What strikes me, reading this article, is the inevitability. I despise watching this happen. I despise knowing where it's going. I don't want this happening. I don't want to get to watch the details of a species unstoppably bent on self-destruction. Like anyone else, I don't want to read what I'm writing here. I want to go hide. I don't want to know. I don't want to suffer it.
Why do I have to be me and CARE? Yet I love being me. I have to face that blessing amidst all the grinding wheels of catastrophe roaring in my ears and blasting in my eyes every day never ending until that final fatal foolish motion by the hand of man. At least I have me and this something beyond faith that lets me experience and learn and grown and be joyful despite all the Other People horrors. THAT is a kindness, a consolation. I can take this ride through rising fires and know I am fine and well if only as a spirit. Thank you that which I call god.
Still in transition, ever in transition, I see only dimly compared to the full light of events. I can only report this one small thing I perceive, give only my limited insight. I am so much just another foolish human. Sometimes I think I have only the thoughts of some other source to share here. It is strange to think that my worse struggle with faith is that I believe in my own abilities to sense these things. Then I return to the correct balance and again realize that I am, we are, all collaborations. There is my contribution. There is "god's" contribution to make ME. I am a WE of these two, just as my mind is a WE of rational and emotional brain functions/services. I am, we are, a collective that contribute to a whole of US. (I a sooo glad I'm not schizophrenic! This collaborative, cooperative nature of the human being is complicated enough without that lunacy).
There are so many people who GIVE of themselves to help our species. THESE are the best of us. Altruism is the character of the most worthwhile of us all, the most grounded and insightful. It has been another of my blessings to have found such people around me during my crash course of learning lifetime. I am so grateful for them, for us, being here as that part of human diversity that PROTECTS and strives to save our species. We ARE HERE. Reading this, don't doubt that the wonder of mankind is here on our miracle planet. That great accomplishment of life does live. There are those of mankind who ARE GREAT for real. We are the quietest, when we are at our best. We are the humblest, when we are at our best. We are so easily overlooked by those lost in game playing. The most LOST of mankind consider the caretakers the weakest of our species. And yet we are the backbone that strives for us to survive, to surmount and overcome the horror of the massive momentum motion of our self-destruction as a form of life. We are those who suffer most because we SEE the LOST and mourn. We are also those most blessed because we know what is worthwhile in being alive, in being a life form made as part of our miracle planet. Insight hurts and insight ennobles. It is the hardest of paths with the kindest of heart, the most tangible of joys. That is how I perceive that situation for me at this moment.

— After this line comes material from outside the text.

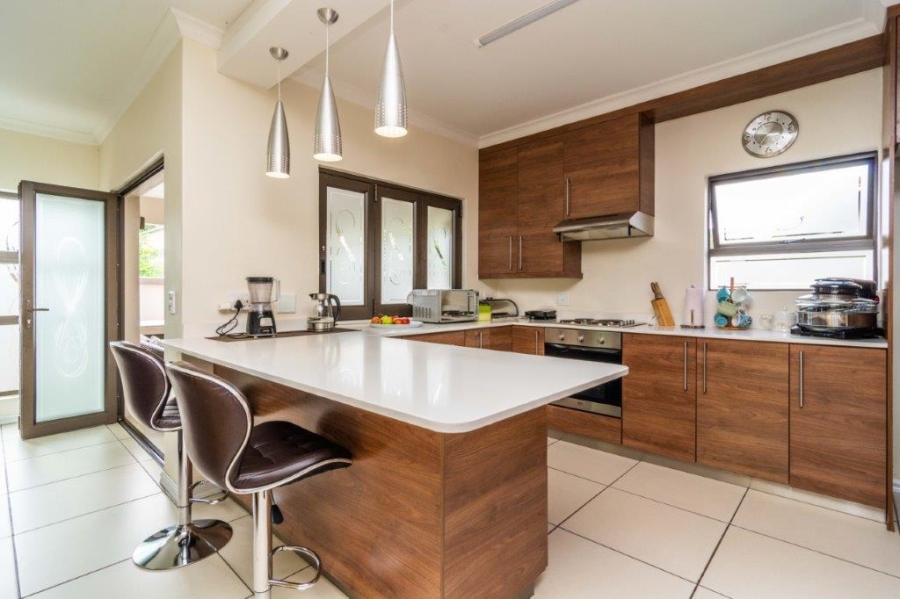 To Let 3 Bedroom Property for Rent in Strubensvallei Gauteng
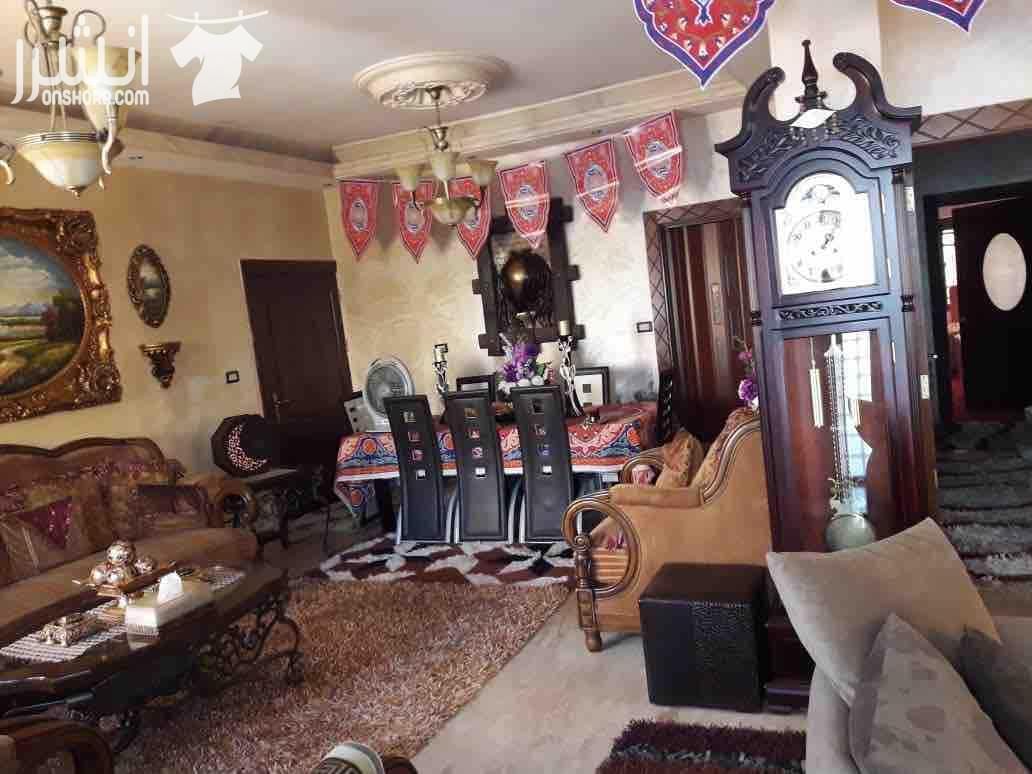 شقه في الياسمين مشطبه تشطيب فاخر جدا 168م تحتوي على : ثلاث غرف واحده ماستر ثلاث حمامات مطبخ خشب بلوط مع هود ايطالي من ال AEG فاخر جدا صالون كبيير تشطيب رائع ساحه كبيره وبلكونة مطبخ بلكونه مع الصا...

There is more encouragement of others ahead in my life as I learn even more about how to be the elder brother, the caretaker who engenders the personal growing of others as part of my personality, my fate and karma as a protector. I mourn that role and yet I want nothing less and am so grateful to be me. I accept the meagerness of being one person and the minor efforts I can lend. It is simply so joyful to strive in that role. I love those who give of themselves to others and to be with them in whatever small assistance I can also give.
Back in the physical world: Today I have my very first toothache and have to find a dentist. We are wrapped in the physical world, being alive. I'm not looking forward to what I expect will be a root canal, thanks to a persistent gap between my molars. Another exorcise in putting aside my impatience, being alive.